Wheeler: No, I don't agree, although I understand why they'd be confused. In the ``penetrate and patch'' process, the software is completely developed without really thinking about security issues; the primary method to secure the component is having ``experts'' penetrate it after development and then patching the holes found. Now, even some well-designed programs have had to be patched; the difference is that, in penetrate and patch, expert penetration is depended upon as the primary method for gaining security. It's been repeatedly shown that this doesn't work very well; in nearly all cases it's very difficult to retrofit security into a component not designed to be secure. Eric S. Raymond coined the term ``bazaar;'' readers who aren't familiar with the term should see his definition. In the bazaar method, software updates are released early and often (e.g., daily), with the intent of gaining rapid feedback from co-developers. A project using the bazaar method may or may not be using the ``penetrate and patch'' process, depending upon whether or not component developers and reviewers consider the security ramifications of the initial version and proposed changes. If security issues are considered by contributors and reviewers of contributions, then the project isn't using the ``penetrate and patch'' process, even if it's using the bazaar method. I think larger bazaars are more likely to consider security, since they're more likely to have members with security expertise, so I'd expect that larger bazaars would be less likely to follow a ``penetrate and patch'' process.

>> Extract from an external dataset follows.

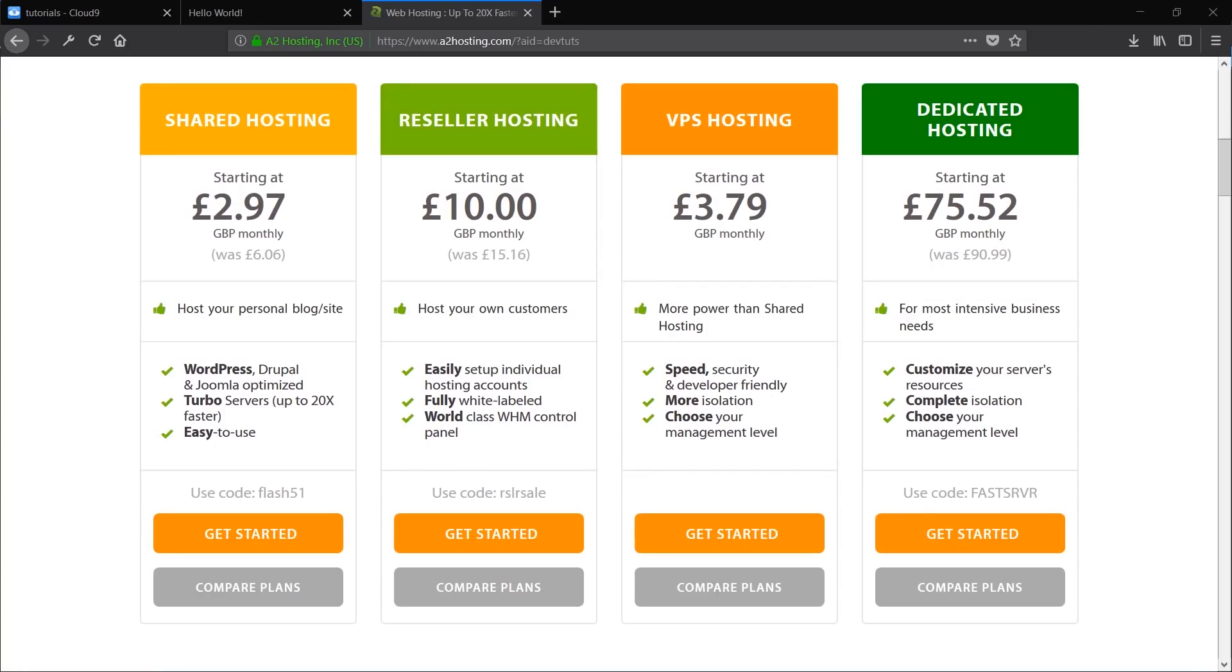And just before I go, I'd like to take a second to thank my sponsor a2hosting.com. I actually use them for my own VPS hosting, and the reason I like to use them is just because they allow you to scale things like the disk and the RAM independently, unlike some of the competitors. And their support is just fantastic as well. So if you're in need for a decent host, then follow the link in the description. And thank you for watching.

I'm not surprised these approaches would be confused because, in the bazaar method, the development process is public in a way that a proprietary products' process would not be. If the bazaar reviewers use the information in secure programming guidelines (like mine), then hopefully it will be even easier for bazaar developers to avoid a ``penetrate and patch'' process.
LinuxSecurity: Where do you see IT security going in the future?
Wheeler: People and organizations are increasingly depending on the Internet, and they can't depend on it if their machines and networks can be easily damaged. So I see organizations and governments spending much more money to protect what's becoming an increasingly vital service. In particular, I hope that the U.S. government will spend some money to speed the securing of open source components, so that the U.S. infrastructure will become secure more rapidly.
Computers will become more plentiful and available to more people. These people want to use these computers as tools and not worry about security problems. Thus, I expect that many machines' basic components will be automatically updated as necessary (just as Windows and Mac users' virus checkers are updated now). You'll also see more emphasis on ease-of-use of security capabilities. These machines will have to support much finer protection between applications, so that running one application is much less likely to corrupt or expose the data of another (Java already does this). There will need to be more flexible security policies (since people's needs vary so much); there are already several efforts to implement more flexible security policies in Linux.
LinuxSecurity: What are your future plans?
Wheeler: I hope to be doing more things to improve Linux security. Linux's combination of power, flexibility, and extremely low cost are great advantages. If its security was even better and its policies more flexible, it could be used in even more situations.